Also, we live in Canada with Canadian weather, so weather could change even the best laid plans. To deal with all of these moving parts, parents that are raising their children in two homes need to be flexible and cooperate to make the season go as smoothly as possible.
3 – Be proactive
Plan ahead. Don’t leave making the parenting arrangements to the last minute, because we all know things are busier and more hectic as we get closer to the holiday season. It is definitely best to start having the conversation as early as September or even in the summer.
You know what you need to have in place to make the holidays move smoothly. For some people there needs to be a schedule planned down to the pick up times, for others they can coordinate daily to see what the day is going to look like. You need to make sure that you have what you need to be arranged in advance, and then be flexible as things come up, because last minute is not fun for anybody.
If parenting arrangements are difficult for you to talk about, or if you have trouble communicating with your ex at all, then involve someone that can help you figure it out. Many times, that person can be someone that is known to both of you, or it can be a professional like a mediator or a child psychologist. The bottom line is start the conversation early so that you are not stuck without a plan and lots of stress and emotions about the holidays.
4 – Be creative
Everybody’s situation is different, so your parenting arrangements will also be different. Some people alternate years of having the kids on Christmas days, some people split the day, and others will put aside their differences for the day and both spend the days with the kids. Other people have completely different arrangements.

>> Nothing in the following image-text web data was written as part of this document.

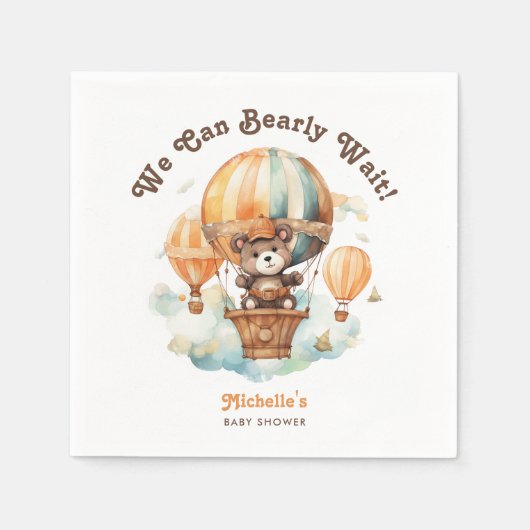 Niedlicher Aquarellbär mit Balloons Babydusche Serviette (Vorderseite)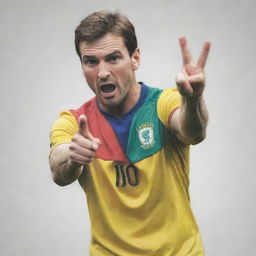 Recreate the image of famous football players showing mildly rude gestures in a colorful pencil drawing style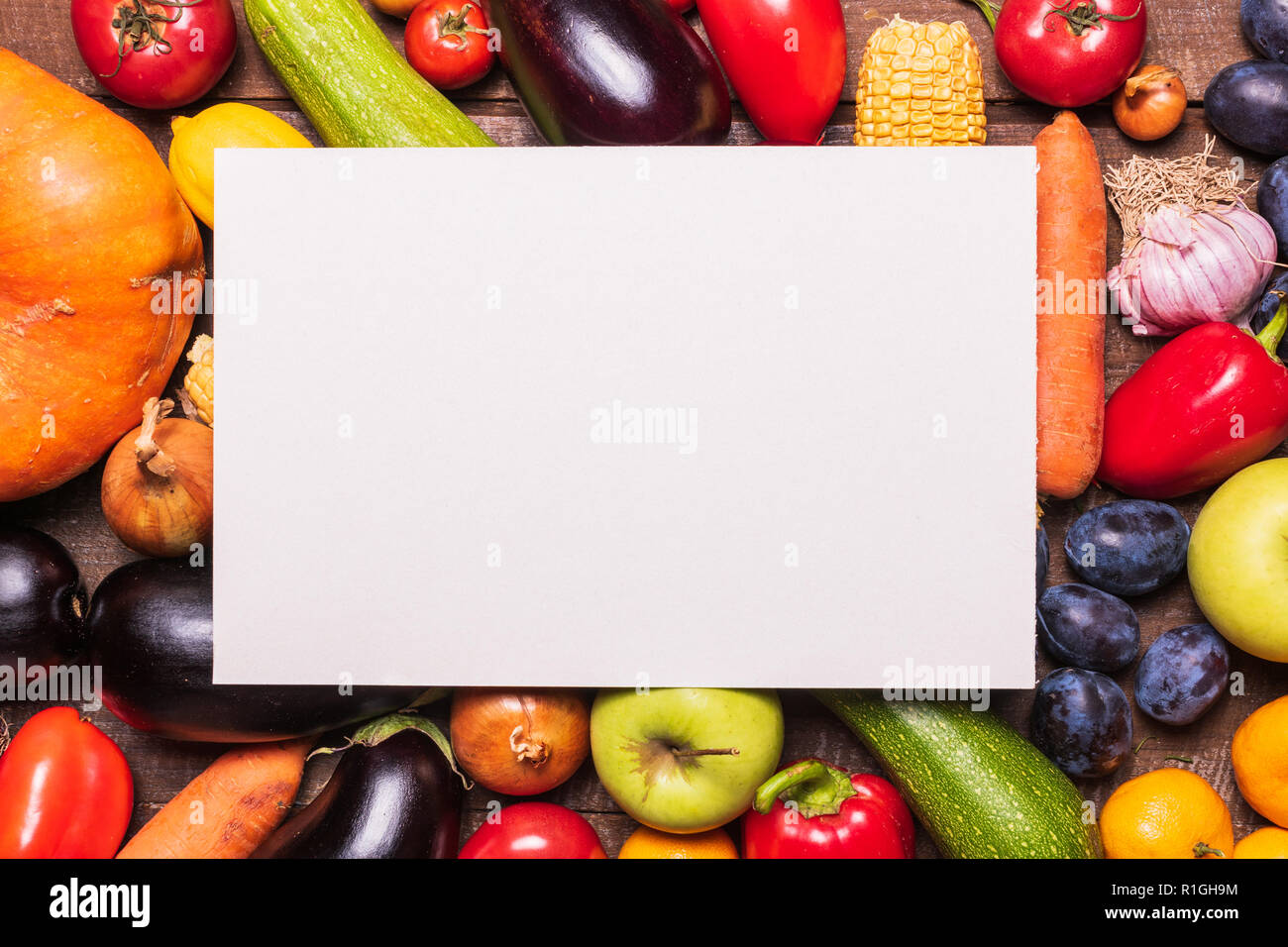 Download Food Concept Mockup Flat Lay View Of Layout Made Of Various Vegetables And Fruits And White Paper Card For Text Stock Photo Alamy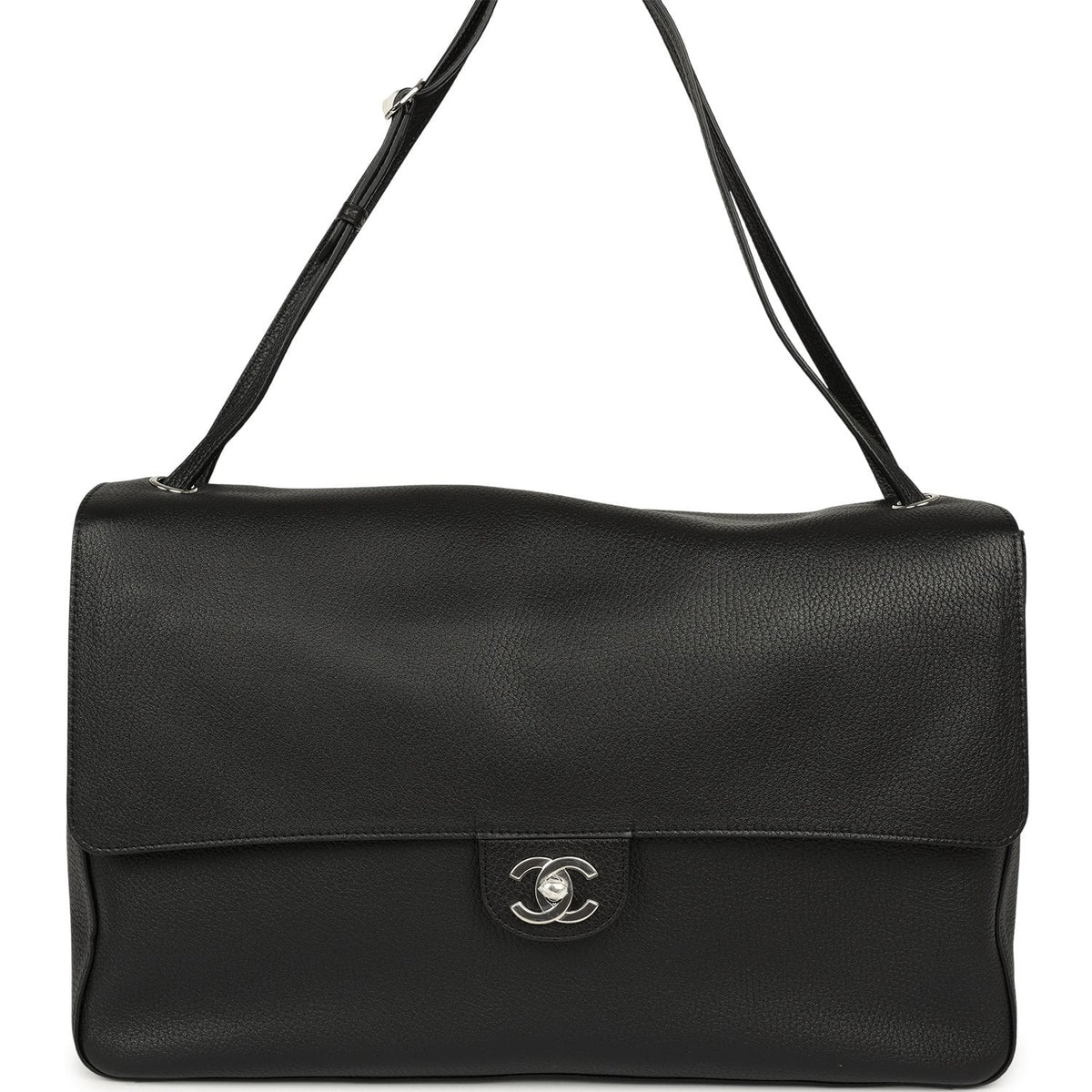 Chanel Maxi "Souplissimo" Large Flap Bag Black Grained Calfskin Silver Hardware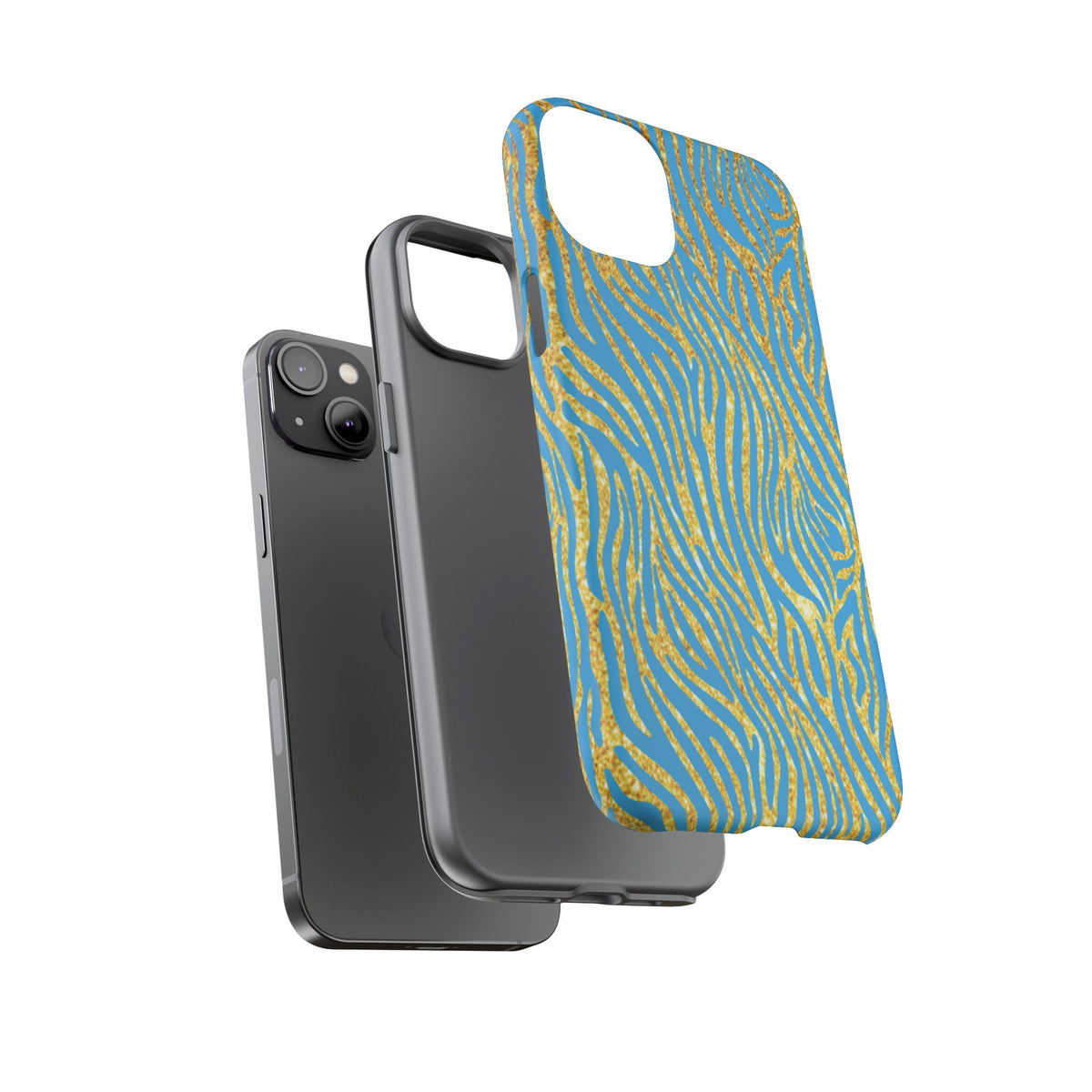 Blue Gold Zebra Tough Case for iPhone, Galaxy, or Google Pixel
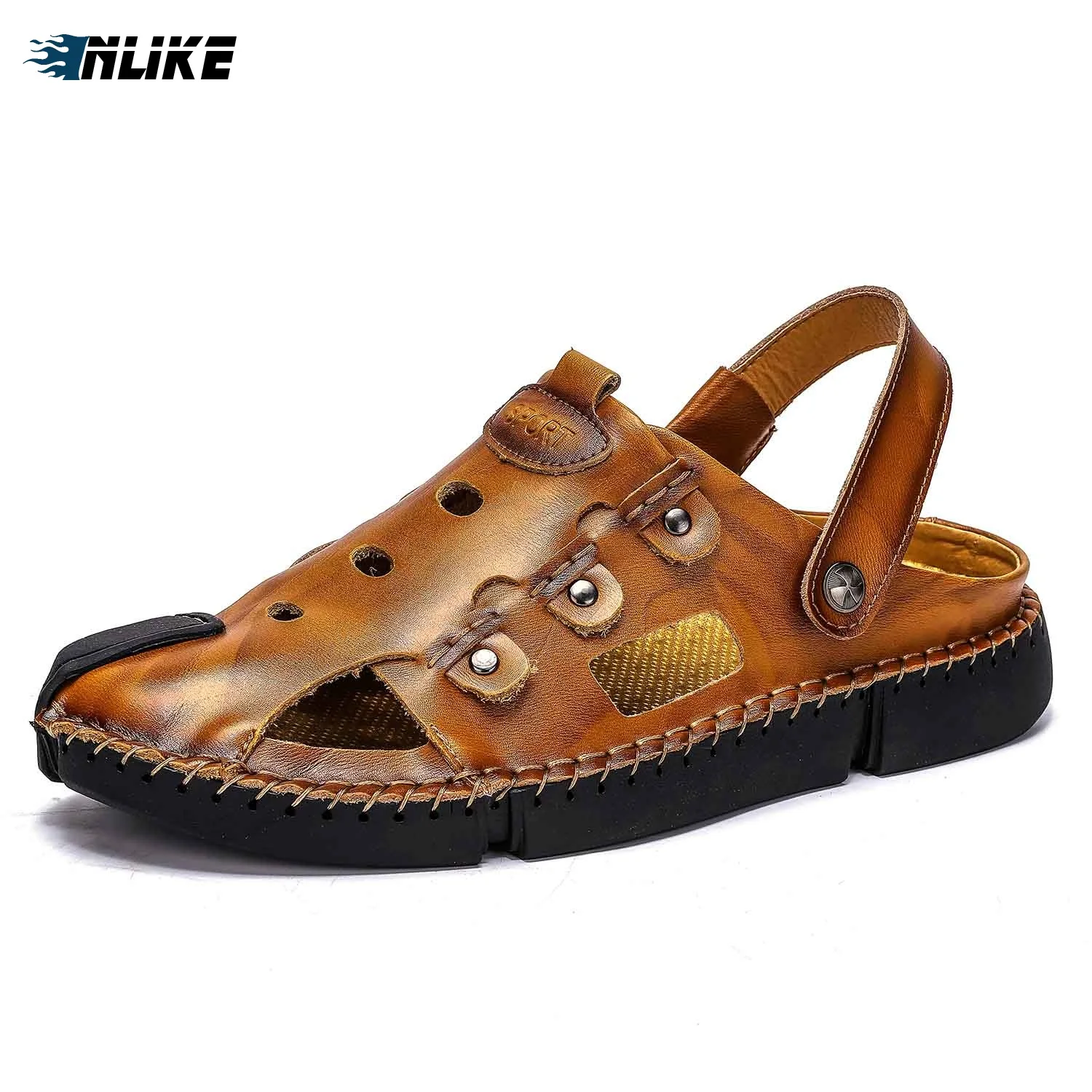 

Casual Big Size Soft Sandals Genuine Leather Men Shoes Summer New Man Sandals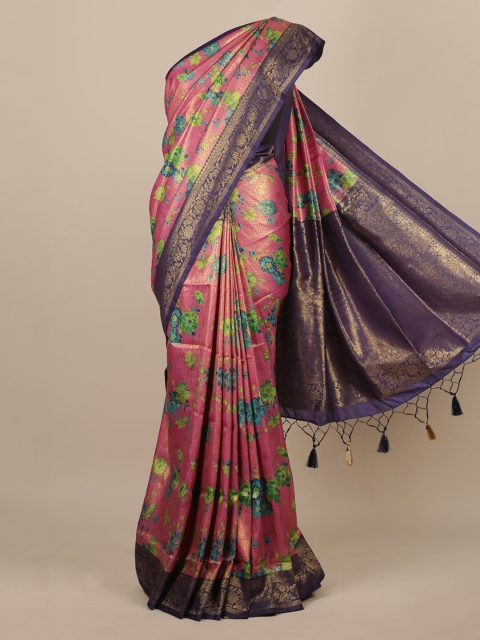 

Pothys Pink Floral Printed Jute Silk Saree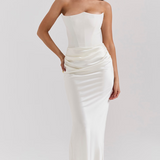 Maisy | Women's Strapless Corset Maxi Wedding Guest Dress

So be creative, look at what both you and your ex can make work and figure something out that works for your family. It doesn’t have to look like anything that you have seen before.
5 – Don’t make assumptions
Everybody who knows me, knows that I talk about the dangers of making assumptions all the time. It is especially a danger where emotions are high and new holiday traditions need to be made.
Don’t assume the motivations or intention of your ex when they make suggestions during the conversation of making parenting arrangements. Chances are they are not trying to hurt you or your feelings, but they are doing their best to make sure that they get to spend time with the kids over the holidays. Ask your ex the “why” of the suggestion, or to “tell me more about that” so that you can understand what their motivations, without assuming. If you are having trouble having these conversations, enlist someone to help you out.
Remember that it is not about you — it is all about the kids.
Happy Holidays, and you will hear from me again in the New Year.